As educators, we are truly fortunate to work with, and alongside, a wonderful group of people who have chosen to make their life’s work that of serving children. Watching my colleagues in education work on a Saturday morning at a coffee house and reflecting upon my work with educators throughout the year, I thought about my hopes for someone about to embark on the student teaching experience.
Here is my advice for those who have chosen the greatest profession in the world:
I may look at things through rose-colored glasses, but I do not believe that any teacher goes into the profession to be average. Often when I am conversing with teachers, however, I ask them to tell me about the best teacher in their building and what sets him or her apart. I usually get an answer without hesitation, talking about how incredible some colleague is for kids. I follow that up by asking if they are simply being modest, and usually I am provided with more reasons why the aforementioned colleague is amazing. Remember that you can be amazing, too. If you can tell me why somebody else stands apart, then you can stand apart yourself. Set a basement for your performance as an educator—not a ceiling. You truly can be great.
Connect and Contribute
Change occurs in all facets of life, business and society. Technology and the connected nature of education are real, beneficial, and are not going away. In terms of social media and being connected, students are far ahead of the curve compared to our teachers. Todd Whitaker, respected educational speaker and author of over 30 books, has 15,800 Twitter followers. Justin Bieber has over 32 million followers.

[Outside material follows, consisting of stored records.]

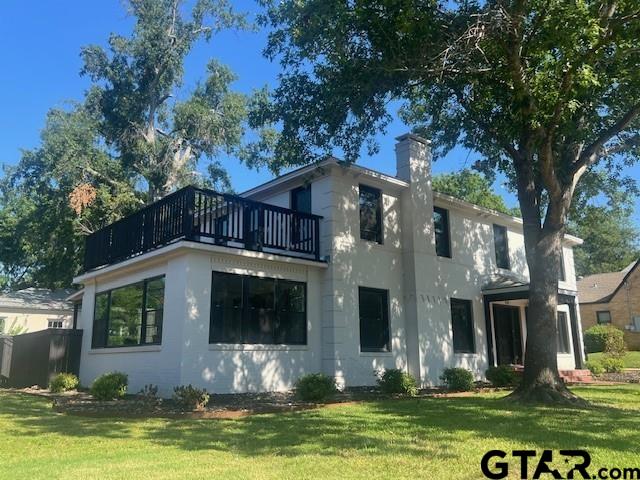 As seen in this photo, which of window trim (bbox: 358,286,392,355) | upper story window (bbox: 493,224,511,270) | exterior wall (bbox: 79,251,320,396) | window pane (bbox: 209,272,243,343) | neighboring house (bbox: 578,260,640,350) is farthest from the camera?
neighboring house (bbox: 578,260,640,350)

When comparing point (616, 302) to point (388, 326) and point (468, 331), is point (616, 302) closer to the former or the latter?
point (468, 331)

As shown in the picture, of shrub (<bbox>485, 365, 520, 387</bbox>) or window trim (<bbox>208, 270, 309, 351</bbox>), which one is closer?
window trim (<bbox>208, 270, 309, 351</bbox>)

Connect, find, follow and engage in any manner you can—but also contribute to the knowledge and experiential base of the profession. Blog—please blog. Let me, and let others, learn from what you have already experienced—good or bad.
As educators, it seems natural that we would be readers. Most of us are, but many do not do professional reading. If we do, we tend to read things very particular to what we already know, or know that we want to know. My hope for educators is that they read six books this year and begin following a handful of blogs for "easy Sunday reading." My hopes for your reading selections are as follows: read two books that pertain directly to your job description and areas of needed professional growth (job-related reading), read two books that focus on leadership, and read two books that focus on psychology, sociology, or any other humanistic topic that is not education-centric, but has connections that can be drawn.
Job-Related reading: Even the most experienced teachers or administrators "don’t know what they don’t know." Everybody needs to continually support his/her own professional growth by keeping up with new ideas and re-visiting explanations of best practice.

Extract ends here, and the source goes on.